I’m using Outlook 2013 to connect to my Office 356 account. DNS is set up correctly, with autodiscover.mydomain.com pointing to autodiscover.outlook.com. I recently had to re-create my account and it took 20+ minutes to find the Office 365 server.
I right-clicked on the Outlook icon in the system tray and choose Test E-mail AutoConfiguration…. There I could see that it was trying the HttpsRootDomain (https://mydomain.com) about ten times (at almost two minutes each), each time with a 12002 result:
Eventually it registers HttpsRootDomain as a failure and moves on to the HttpsAutoDiscoverDomain (https://autodiscover.mydomain.com). Once it got that, it quickly resolved to Office 365. Tests from https://testconnectivity.microsoft.com worked much faster, only trying the HttpsRootDomain once.
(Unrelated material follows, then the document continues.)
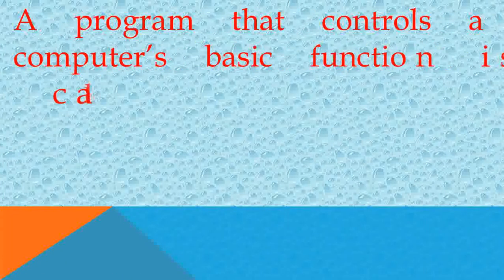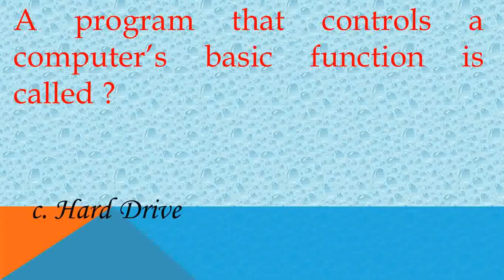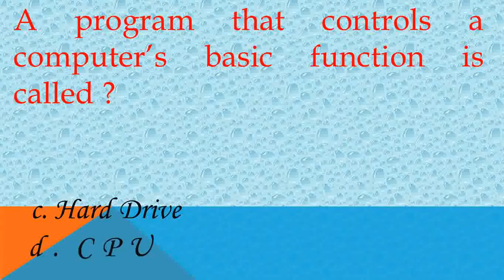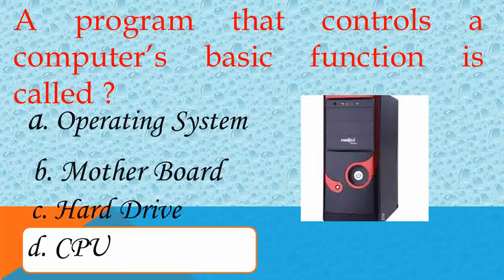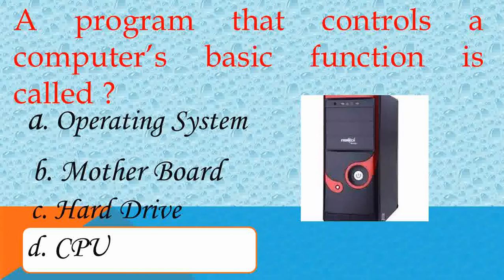A program that controls a computer's basic function is called what? Answer D, CPU. Yes.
The workaround is to add a registry key to tell autodiscover to skip the HttpsRootDomain:
[HKEY_CURRENT_USER\Software\Microsoft\Office\15.0\Outlook\AutoDiscover]
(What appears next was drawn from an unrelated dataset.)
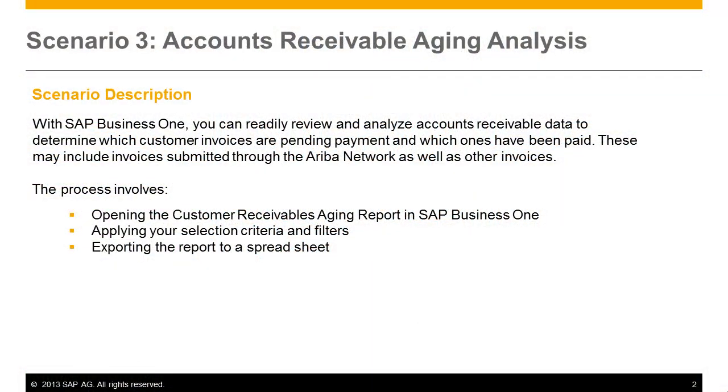With SAP Business 1 you can readily review and analyze accounts receivable data to determine which customer invoices are pending payment and which ones have been paid. These may include invoices submitted through the Ariba network as well as other invoices.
"ExcludeHttpsRootDomain"=dword:00000001
With that in place, autodiscovery takes under ten seconds:
It’s expected that https://mcbsys.com fails. It’s not expected, and so far unexplained, why Outlook is trying so many times before giving up and moving on to https://autodiscover.mcbsys.com.
Update November 19, 2015
Microsoft support has confirmed that this bug was introduced in the June 2015 update to Outlook. Besides the registry key above, another workaround is to roll back to the May 2013 update version 15.0.4719.1002. Instructions for that can be found in KB article 2770432.